WHAT YOU WILL DO - Below are the records; copy exactly the stretch from the line containing "Certified 2020 Ford" through the line containing "Used 2019 Kia Sorento L FWD image 25", both ends included, and nothing else.
*** PROVIDED DATA ***
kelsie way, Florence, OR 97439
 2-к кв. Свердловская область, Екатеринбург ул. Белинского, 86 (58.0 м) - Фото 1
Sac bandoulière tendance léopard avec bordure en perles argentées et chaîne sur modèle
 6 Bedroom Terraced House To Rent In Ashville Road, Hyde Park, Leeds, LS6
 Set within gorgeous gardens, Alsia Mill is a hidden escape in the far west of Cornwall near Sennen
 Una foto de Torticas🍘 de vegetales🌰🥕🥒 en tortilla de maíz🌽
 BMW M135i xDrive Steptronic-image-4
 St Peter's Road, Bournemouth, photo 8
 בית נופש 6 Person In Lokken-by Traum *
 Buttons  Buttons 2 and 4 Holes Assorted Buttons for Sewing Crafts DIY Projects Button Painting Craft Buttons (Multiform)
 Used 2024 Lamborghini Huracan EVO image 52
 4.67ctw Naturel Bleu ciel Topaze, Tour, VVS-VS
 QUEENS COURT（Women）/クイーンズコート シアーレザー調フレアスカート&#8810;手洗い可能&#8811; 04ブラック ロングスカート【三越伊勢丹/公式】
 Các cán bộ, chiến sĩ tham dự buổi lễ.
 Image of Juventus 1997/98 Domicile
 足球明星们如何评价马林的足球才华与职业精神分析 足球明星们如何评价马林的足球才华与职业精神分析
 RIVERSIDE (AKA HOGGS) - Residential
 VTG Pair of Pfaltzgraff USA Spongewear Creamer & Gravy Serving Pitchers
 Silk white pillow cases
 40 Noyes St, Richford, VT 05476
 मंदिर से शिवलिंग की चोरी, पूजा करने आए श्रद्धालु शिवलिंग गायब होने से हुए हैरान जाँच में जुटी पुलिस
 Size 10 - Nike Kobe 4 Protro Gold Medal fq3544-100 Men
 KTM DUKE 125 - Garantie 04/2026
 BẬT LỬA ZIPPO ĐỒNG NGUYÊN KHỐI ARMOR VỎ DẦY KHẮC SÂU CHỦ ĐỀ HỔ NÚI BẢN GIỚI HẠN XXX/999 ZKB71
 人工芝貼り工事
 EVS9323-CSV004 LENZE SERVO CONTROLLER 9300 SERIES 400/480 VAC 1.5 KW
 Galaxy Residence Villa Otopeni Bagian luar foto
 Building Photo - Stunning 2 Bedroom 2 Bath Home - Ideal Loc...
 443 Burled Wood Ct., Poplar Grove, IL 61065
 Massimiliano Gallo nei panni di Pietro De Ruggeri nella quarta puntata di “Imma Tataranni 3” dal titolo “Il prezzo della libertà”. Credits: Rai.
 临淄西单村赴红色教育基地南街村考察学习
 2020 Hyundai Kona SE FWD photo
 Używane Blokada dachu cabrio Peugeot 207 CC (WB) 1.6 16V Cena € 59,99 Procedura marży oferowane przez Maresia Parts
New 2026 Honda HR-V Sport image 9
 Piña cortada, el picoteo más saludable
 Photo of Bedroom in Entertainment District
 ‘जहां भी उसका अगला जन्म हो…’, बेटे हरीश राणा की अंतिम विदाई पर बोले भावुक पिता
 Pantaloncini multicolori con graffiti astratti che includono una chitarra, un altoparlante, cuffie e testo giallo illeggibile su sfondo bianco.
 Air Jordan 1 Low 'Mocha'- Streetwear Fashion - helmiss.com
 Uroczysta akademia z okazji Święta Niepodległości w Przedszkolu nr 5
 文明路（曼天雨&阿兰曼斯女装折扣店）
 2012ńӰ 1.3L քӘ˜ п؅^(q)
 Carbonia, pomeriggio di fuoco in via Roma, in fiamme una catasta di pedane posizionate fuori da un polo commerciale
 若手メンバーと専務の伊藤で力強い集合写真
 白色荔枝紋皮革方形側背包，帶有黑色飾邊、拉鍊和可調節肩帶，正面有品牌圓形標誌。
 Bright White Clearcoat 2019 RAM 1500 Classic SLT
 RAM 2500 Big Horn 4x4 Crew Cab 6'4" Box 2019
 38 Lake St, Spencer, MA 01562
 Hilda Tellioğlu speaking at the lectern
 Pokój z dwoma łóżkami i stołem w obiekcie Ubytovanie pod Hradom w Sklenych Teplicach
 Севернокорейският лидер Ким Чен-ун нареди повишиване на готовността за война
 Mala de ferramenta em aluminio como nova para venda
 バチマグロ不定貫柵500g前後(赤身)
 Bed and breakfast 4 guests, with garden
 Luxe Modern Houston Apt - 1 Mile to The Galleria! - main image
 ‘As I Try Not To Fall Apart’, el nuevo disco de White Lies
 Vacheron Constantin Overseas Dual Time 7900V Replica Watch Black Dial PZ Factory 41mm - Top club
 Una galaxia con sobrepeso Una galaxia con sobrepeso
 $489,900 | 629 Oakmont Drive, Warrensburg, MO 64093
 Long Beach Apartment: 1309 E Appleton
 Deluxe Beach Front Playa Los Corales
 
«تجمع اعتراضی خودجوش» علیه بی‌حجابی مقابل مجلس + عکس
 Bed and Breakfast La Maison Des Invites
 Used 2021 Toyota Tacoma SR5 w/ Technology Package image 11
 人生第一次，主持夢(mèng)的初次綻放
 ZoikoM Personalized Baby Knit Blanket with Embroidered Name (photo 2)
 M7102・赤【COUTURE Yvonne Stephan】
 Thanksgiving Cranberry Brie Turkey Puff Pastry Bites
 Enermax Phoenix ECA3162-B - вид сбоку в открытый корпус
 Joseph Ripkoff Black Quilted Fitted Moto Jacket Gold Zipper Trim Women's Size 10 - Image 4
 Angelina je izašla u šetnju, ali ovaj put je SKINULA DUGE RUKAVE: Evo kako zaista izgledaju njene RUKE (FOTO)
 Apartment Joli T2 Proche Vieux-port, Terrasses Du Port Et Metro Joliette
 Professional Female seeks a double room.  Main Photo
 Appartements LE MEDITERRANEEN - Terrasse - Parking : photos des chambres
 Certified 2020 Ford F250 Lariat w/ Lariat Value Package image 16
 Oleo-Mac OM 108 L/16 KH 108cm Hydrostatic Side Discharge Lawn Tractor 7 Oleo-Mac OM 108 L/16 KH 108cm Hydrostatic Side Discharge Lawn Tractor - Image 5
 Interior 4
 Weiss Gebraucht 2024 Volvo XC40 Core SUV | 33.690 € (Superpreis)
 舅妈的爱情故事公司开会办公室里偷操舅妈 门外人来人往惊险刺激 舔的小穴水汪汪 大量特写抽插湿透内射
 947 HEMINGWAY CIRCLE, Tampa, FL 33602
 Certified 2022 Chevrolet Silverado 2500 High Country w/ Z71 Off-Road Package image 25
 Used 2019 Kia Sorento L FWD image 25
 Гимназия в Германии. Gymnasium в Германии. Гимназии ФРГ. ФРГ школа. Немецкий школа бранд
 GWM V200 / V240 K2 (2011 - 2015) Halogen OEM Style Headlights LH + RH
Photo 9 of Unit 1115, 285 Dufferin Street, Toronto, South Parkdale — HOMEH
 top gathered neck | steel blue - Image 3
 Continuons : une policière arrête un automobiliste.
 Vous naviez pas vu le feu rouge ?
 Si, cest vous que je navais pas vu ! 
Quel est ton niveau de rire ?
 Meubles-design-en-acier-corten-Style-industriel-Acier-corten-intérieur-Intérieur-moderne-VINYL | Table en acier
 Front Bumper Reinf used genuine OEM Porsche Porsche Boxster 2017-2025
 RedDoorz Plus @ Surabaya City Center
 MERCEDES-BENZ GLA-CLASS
*** End of PROVIDED DATA ***
ANSWER TO THIS EXERCISE -
 Certified 2020 Ford F250 Lariat w/ Lariat Value Package image 16
 Oleo-Mac OM 108 L/16 KH 108cm Hydrostatic Side Discharge Lawn Tractor 7 Oleo-Mac OM 108 L/16 KH 108cm Hydrostatic Side Discharge Lawn Tractor - Image 5
 Interior 4
 Weiss Gebraucht 2024 Volvo XC40 Core SUV | 33.690 € (Superpreis)
 舅妈的爱情故事公司开会办公室里偷操舅妈 门外人来人往惊险刺激 舔的小穴水汪汪 大量特写抽插湿透内射
 947 HEMINGWAY CIRCLE, Tampa, FL 33602
 Certified 2022 Chevrolet Silverado 2500 High Country w/ Z71 Off-Road Package image 25
 Used 2019 Kia Sorento L FWD image 25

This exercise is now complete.